__ASSIGNED TASK__
When copying the listing below, skip every picture and keep each word as it stands.

__DATA SEGMENT__
....

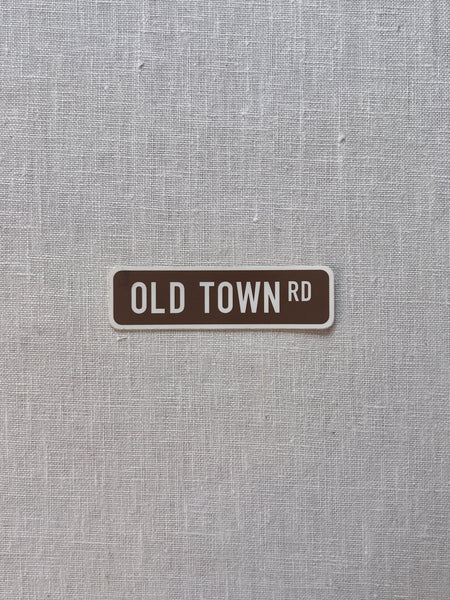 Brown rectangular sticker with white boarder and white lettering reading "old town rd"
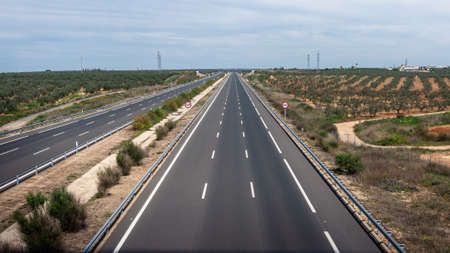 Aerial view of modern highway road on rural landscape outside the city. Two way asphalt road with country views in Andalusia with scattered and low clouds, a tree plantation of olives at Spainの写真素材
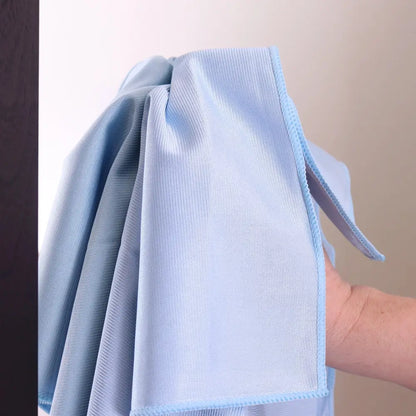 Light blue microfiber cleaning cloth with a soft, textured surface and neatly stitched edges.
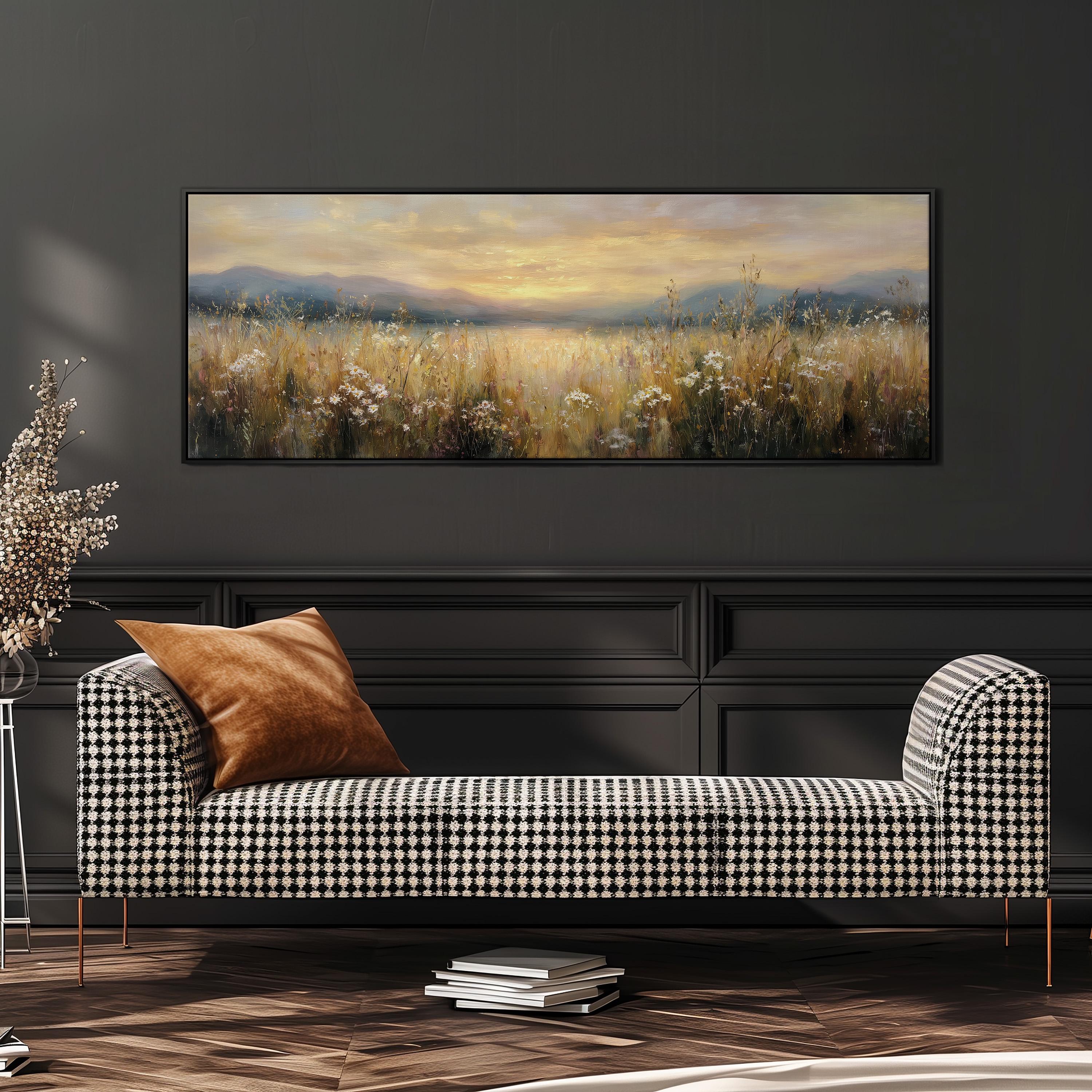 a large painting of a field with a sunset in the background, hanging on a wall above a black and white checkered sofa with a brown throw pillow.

....

__RESULT__
 Brown rectangular sticker with white boarder and white lettering reading "old town rd"
 Aerial view of modern highway road on rural landscape outside the city. Two way asphalt road with country views in Andalusia with scattered and low clouds, a tree plantation of olives at Spainの写真素材
 Light blue microfiber cleaning cloth with a soft, textured surface and neatly stitched edges.
 a large painting of a field with a sunset in the background, hanging on a wall above a black and white checkered sofa with a brown throw pillow.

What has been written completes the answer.